Regarding an exercise of Hatcher (fundamental group of $\mathbb{R}^3$ with $n$ lines removed)

Question

tl;dr I am not asking for a solution, that I already have. What do the generators for $\mathbb{R}^3 - \{n\text{ lines through the origin}\}$ look like explicitly, without making reference to any deformation retraction or homeomorphism?

Exercise 1.2.4 of Hatcher asks you to compute $\pi_1(\mathbb{R}^3 - X)$ where $X$ is $n$ lines through the origin. I have been able to solve it (it should be the free group on $2n - 1$ letters), and while I am comfortable with the argument (deformation retract to $S^2$ with $2n$ points removed, homeomorphism to $2n - 1$ points removes in $\mathbb{R}^2$, induction $+$ van Kampen), I originally wanted to do this directly without retracting the space, however I do not see how the generators should look like explicitly in this case.

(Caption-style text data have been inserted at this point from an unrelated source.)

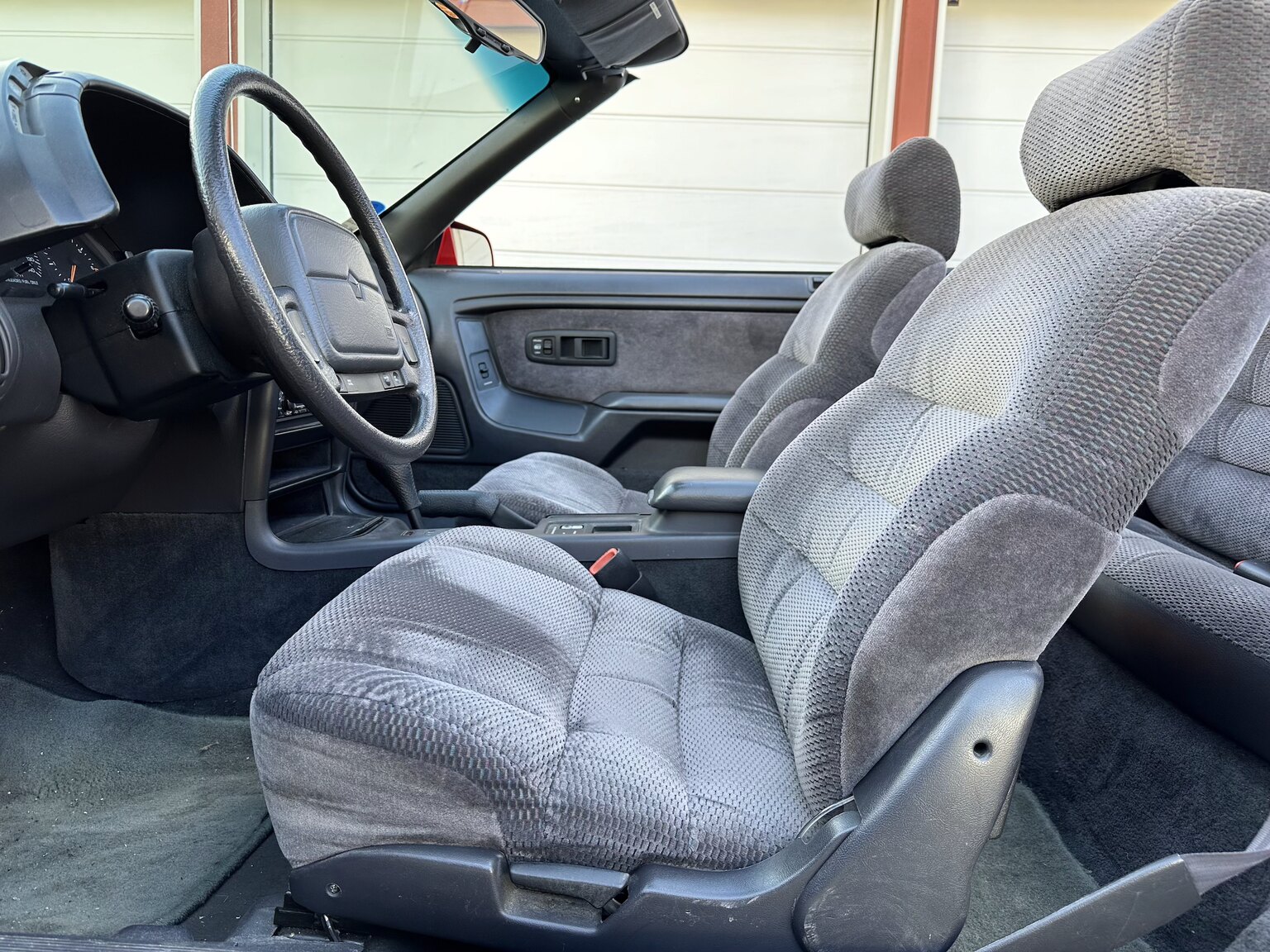 Innenraumfoto von 1995 Chrysler LeBaron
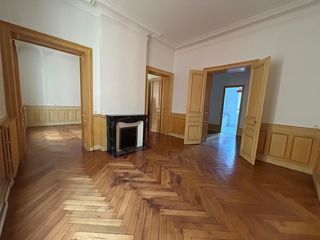  Appartement � louer 4 pi�ces 130 m�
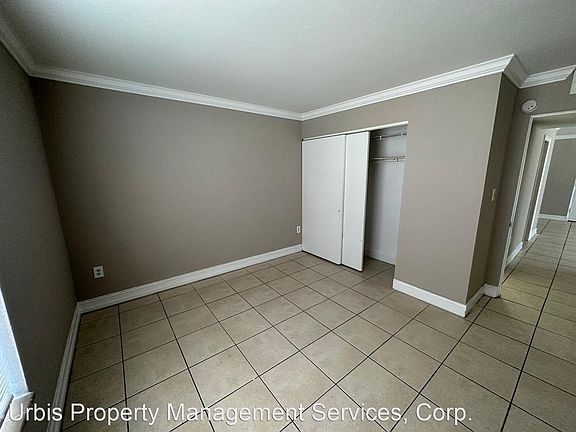 3rd image of 1840 Maravilla Ave #202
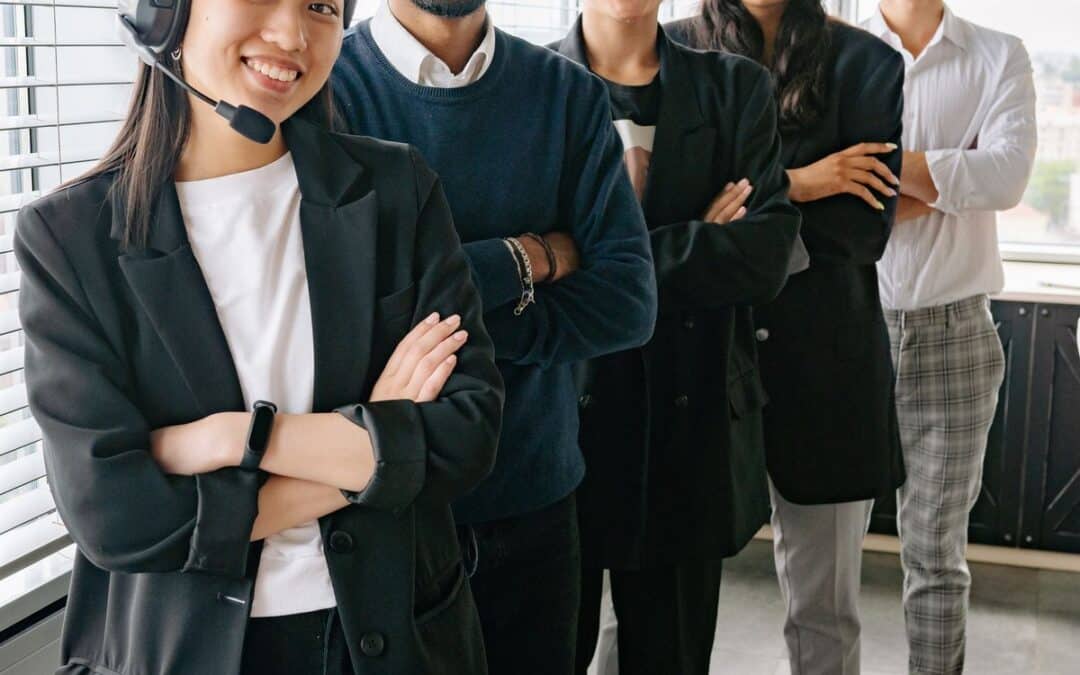 Divers team klantenservice-medewerkers met headset glimlacht in een modern kantoor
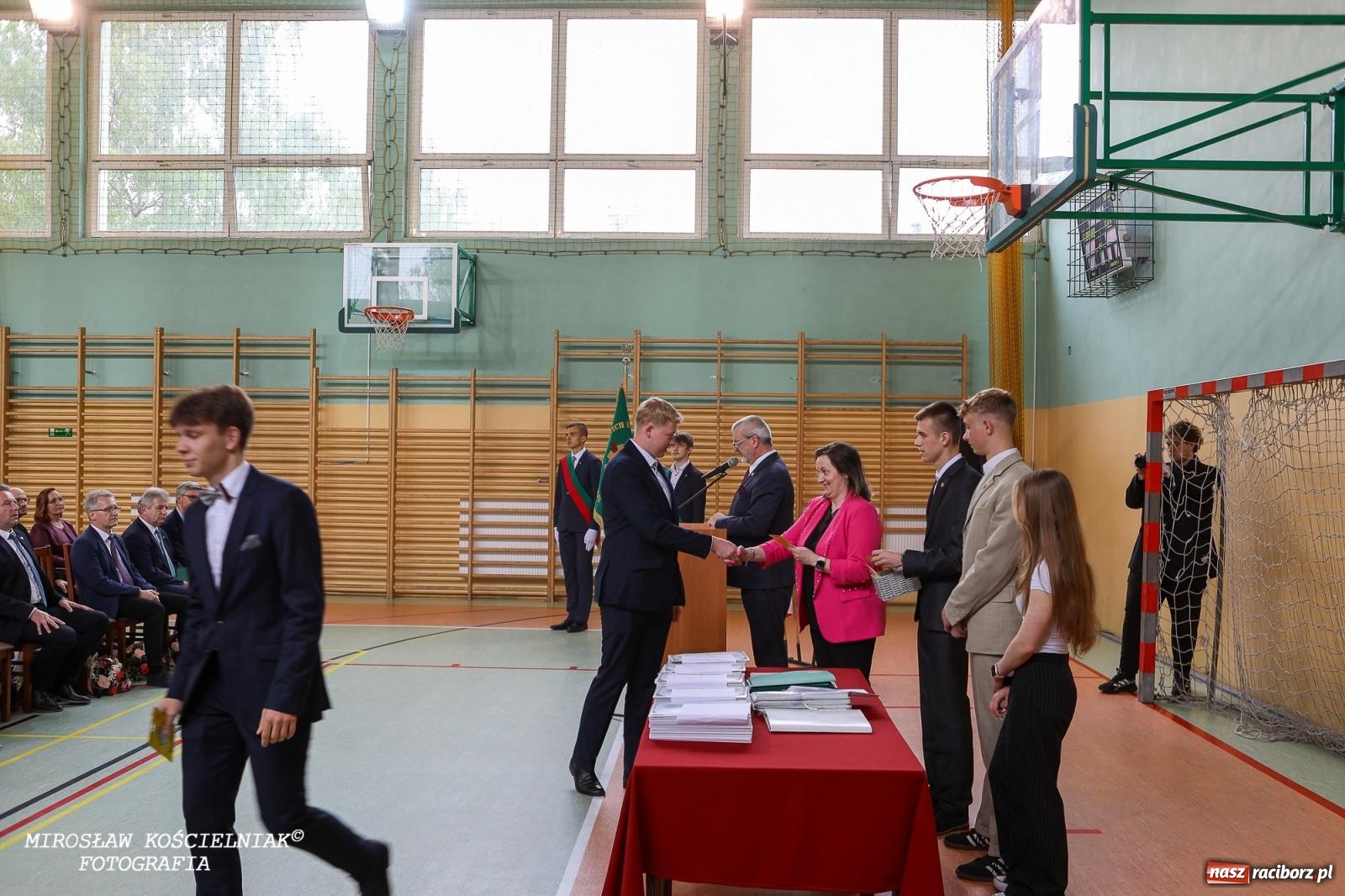 Zdjęcie w galerii na portalu naszraciborz.pl: Raciborska politechnika nad Odrą pożegnała absolwentów wiadomości z regionu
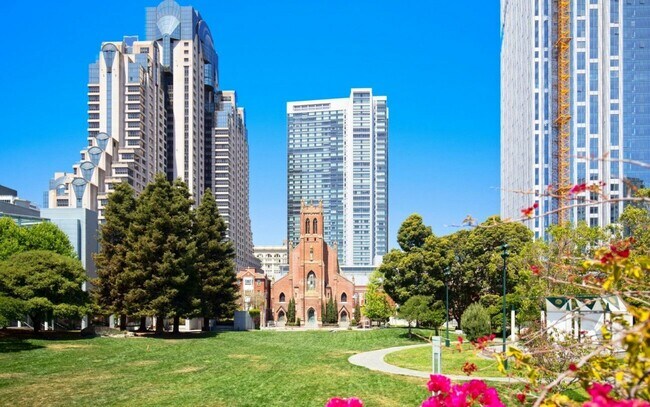 Building Photo - 300 3rd St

For $n = 1$ this is not a problem; given a fixed based point any loop is only dependent on (up to homotopy) how many time it goes around the removed line, and is therefore the integers. For $n = 2$ things start getting weird; I believe there should be four generators, not three. Consider the following illustration:

here I assume that the two removed lines are the $x$ and $y$ axes. Wouldn't all four of these loops act as generators for the fundamental group of $\mathbb{R}^3$ minus these two axes removed? (If the illustration is unclear: each loop loops around the removed line once, not looping around any of the other removed lines. Hence for each line we have two loops, one for each side of the origin.) Of course, I do know this claim is incorrect (as I have proved it to be). I am asking for an explicit description of the generators of this space for $n = 2$, without making any changes to the space, i.e. no homeomorphisms, no deformation retractions. Given a basepoint on this exact space, what will the three generators look like?

Answer 1

The $n$ lines that you remove can be seen as $2n$ half lines starting from the origin. Choose any $2n-1$ of those. For each one take a loop from a fixed basepoint which winds once around that half line (and "only" that). The homotopy classes of these loops generate freely the fundamental group of your space.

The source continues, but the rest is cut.